Po raz drugi w ostatnich tygodniach analitycy UBS skorygowali w dół swoją prognozę PKB dla Polski za 2006 rok, tym razem do 3,9 proc. z przewidywanych wcześniej 4,2 proc.

    Równocześnie nadal oczekują, że w 2005 roku polska gospodarka w ujęciu średniorocznym wzrośnie o 3,1 proc. - przed ostatnią korektą przewidywali jej wzrost o 3,9 proc. Swoją prognozę za ten rok nazywają "umiarkowanie konserwatywną".

    W uzasadnieniu do korekty prognozy wskazują na rosnącą cenę ropy naftowej, która obecnie jest o 33 proc. wyższa niż na początku 2005 r. Z ich szacunków wynika, że droga ropa przekłada się na spadek polskiego PKB o ok. 0,5 proc., z czego 0,35 pkt proc. spadku będzie wynikiem zmniejszonych wydatków konsumentów, a reszta niższego eksportu do UE.

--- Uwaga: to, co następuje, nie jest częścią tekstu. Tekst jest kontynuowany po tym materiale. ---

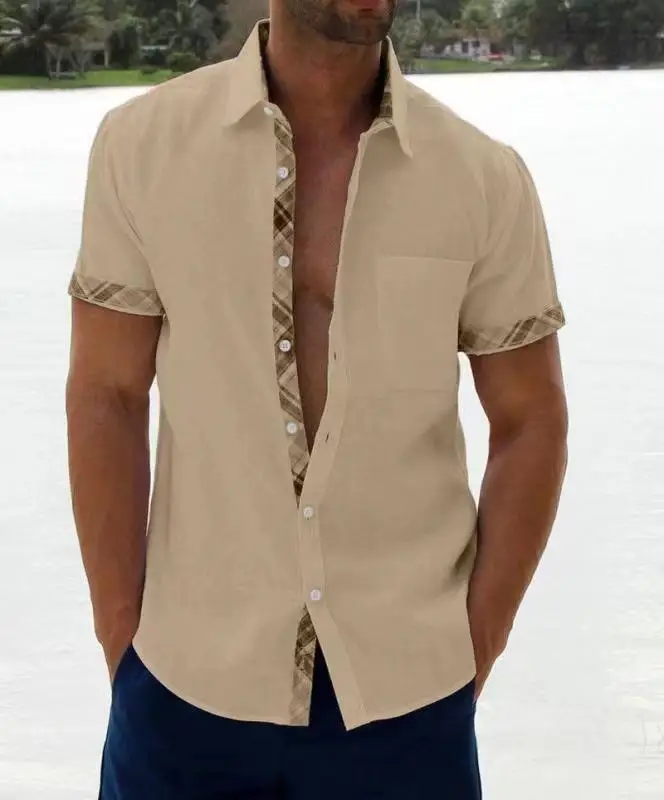 Men's Purple Printed Short Sleeve Shirt Summer 2023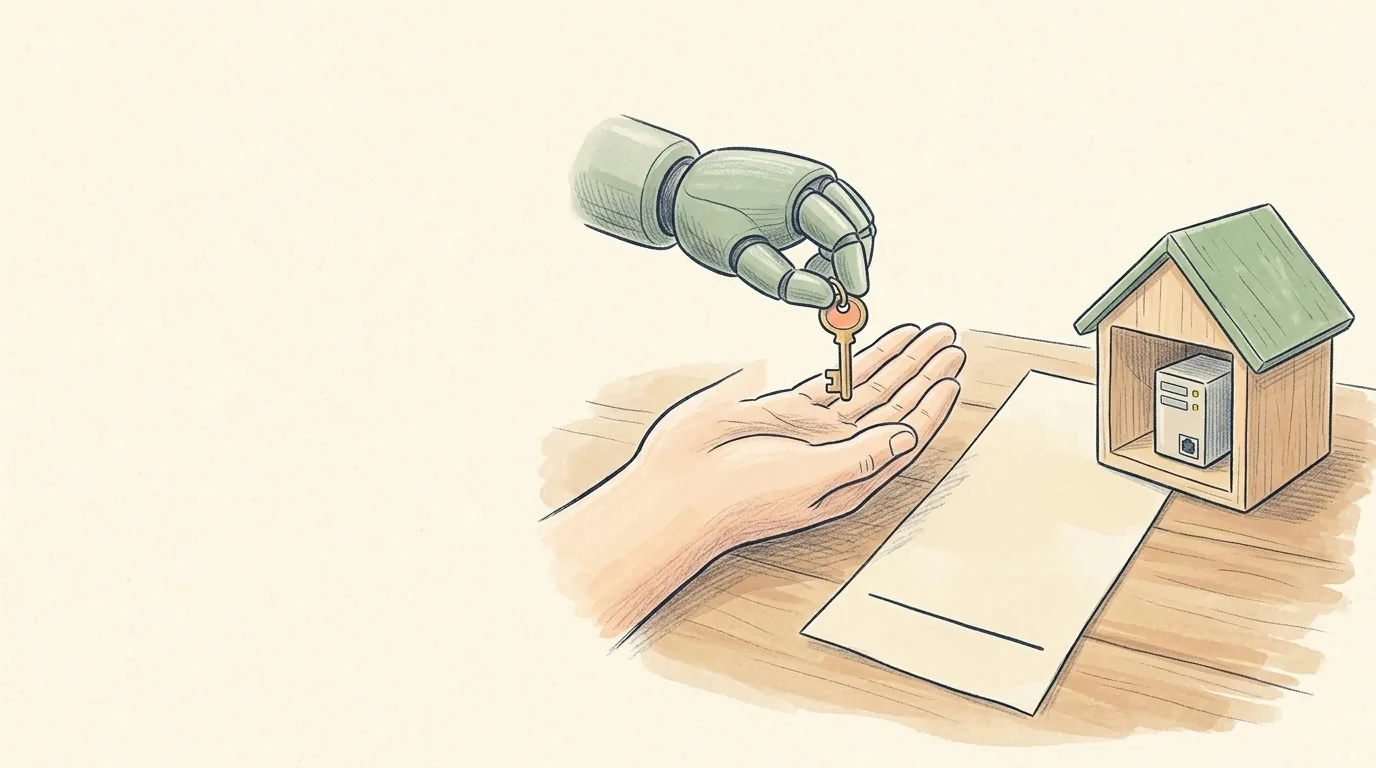 Een potloodtekening van een kleine robothand die een kassabon aan een mensenhand geeft, naast een huisje met een server erin.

    Według UBS, decyzja polskiego rządu w sprawie czasowej obniżki akcyzy na benzynę o 25 groszy na litrze w okresie od 15 września do 31 grudnia 2005 r., powinna pomóc w podtrzymaniu tempa wzrostu gospodarki, "nie mniej wysokie ceny ropy źle wróżą perspektywie ożywienia wydatków konsumpcyjnych (bo szkodzą sile nabywczej ludności)".

    "Niemrawy popyt konsumpcyjny oznacza również to, że firmom trudno będzie przerzucić na konsumentów pełne skutki droższego paliwa" - podkreślają eksperci UBS.

    Pewnego wsparcia dla wydatków gospodarstw domowych analitycy UBS dopatrują się w polityce monetarnej i zapowiedziach obniżki podatków.

    Mimo droższej ropy, UBS spodziewa się, że inflacja w najbliższych miesiącach pozostanie w niższym przedziale celu inflacyjnego NBP ustalonego na 1,5-3,5 proc., a górnego progu nie przekroczy przez dwa lata.

    Wśród czynników równoważących wzrost cen wywołany droższą ropą wskazują na niskie ceny żywności i zjawiska po stronie popytowej: nieznaczną dynamikę wzrostu płac realnych i wysokie bezrobocie.

    UBS zauważa też, iż wyższy rachunek, który Polska będzie musiała zapłacić za import ropy nie wpłynie negatywnie na saldo obrotów bieżących bilansu płatniczego, co stawia ją w lepszym położeniu od innych importerów paliw. "W odróżnieniu od Turcji, Polska nie musi się obawiać o stan rachunku obrotów z zagranicą. W lipcu saldo obrotów na rachunku obrotów bieżących w ujęciu 12- miesięcznym wykazało umiarkowaną nadwyżkę" - stwierdzili analitycy UBS.